Other speakers follow the venerable President Founder; a Parsi, in black, glazed tiara, tells the assembly about the religion of Zoroaster; his keen, Jewish face and sparkling eyes lighting up as he says that there is not a beggar or a courtesan in the whole Parsi community. The Parsis, in fact, who are a better edition of the Jews, without the Jews’ inevitable tendency to usury, are one of the most successful communities in India, or indeed, in the whole world. Numbering altogether only a few thousands, their practical influence and their wealth are out of all proportion to their numbers. Indeed, the palace of the Parsi leader, Sir Dinshaw Manockji Petit, on Malabar Hill, and his huge cotton mills are one of the sights of Bombay. Curiously enough, he owes his prosperity almost wholly to America. When the war cut off England’s cotton supplies, and almost ruined Manchester Sir Dinshaw Petit saw that Manchest’s misfortune was India’s opportunity.

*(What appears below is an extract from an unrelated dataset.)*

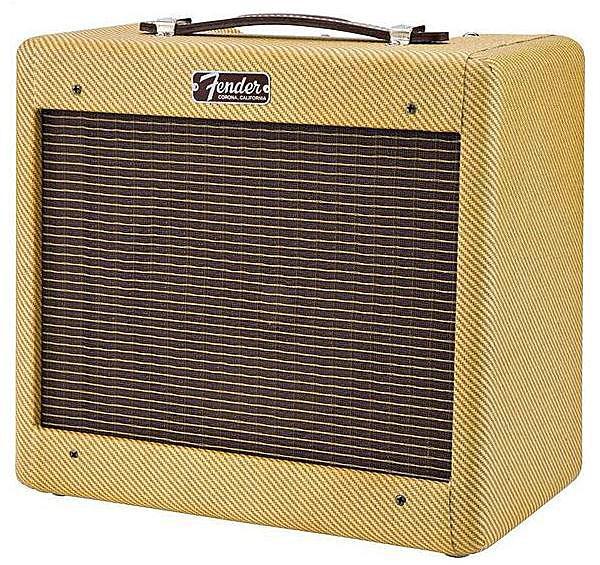 Electric guitar combo amp Fender ’57 Custom Champ - Lacquered Tweed
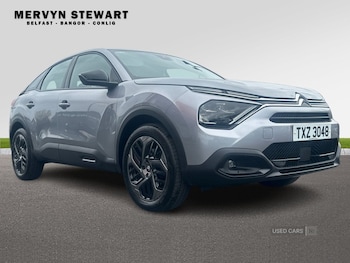 Citroen C4 feature image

These memories are suggested rather by the person of the Parsi speaker than by what he says of Zoroaster’s religion, for he himself is an overseer in Sir Dinshaw Petit’s mills. He is followed by a Brahman from Bengal, who says much about the former greatness of India, and says it with a certain eloquence or, rather, rhetorical skill which produces its effect upon his listeners. He speaks rather rapidly, with the peculiar, rather strident voice that characterizes all Bengalis, telling how great his country once was, and how low it has fallen in the hands of invaders who have no reverence for the ancient land and its more ancient faith. He calls on his fellow countrymen to rally round the standard, to fight for the common cause, to join heart and hand in the splendid effort to call back their mighty past.
He is a born rhetorician; if he were less a rhetorician we should expect him not to say these things, but things quite different from these. We should expect him to show a real, individual insight into the great spiritual intuition of India, and to show, in his own thought and character, how that intuition can penetrate life and transform it as potently today as in that far away dawn of time that shines to us with the light of the golden age.
The first day of the Convention is ended; the shadows are falling rapidly over the palms and the banyans. The never ceasing rumble of the ocean is clearer now, when the noises of day are hushed. A few of Colonel Olcott’s friends are gathered on the terraced roof in the warm air of evening, and quite another side of the apostle’s character comes into view. He is singing, somewhat to the astonishment of the Asiatics but to the unlimited admiration of his white friends, the song of the “Fine Old Irish Gentleman, one of the real-old-stock!”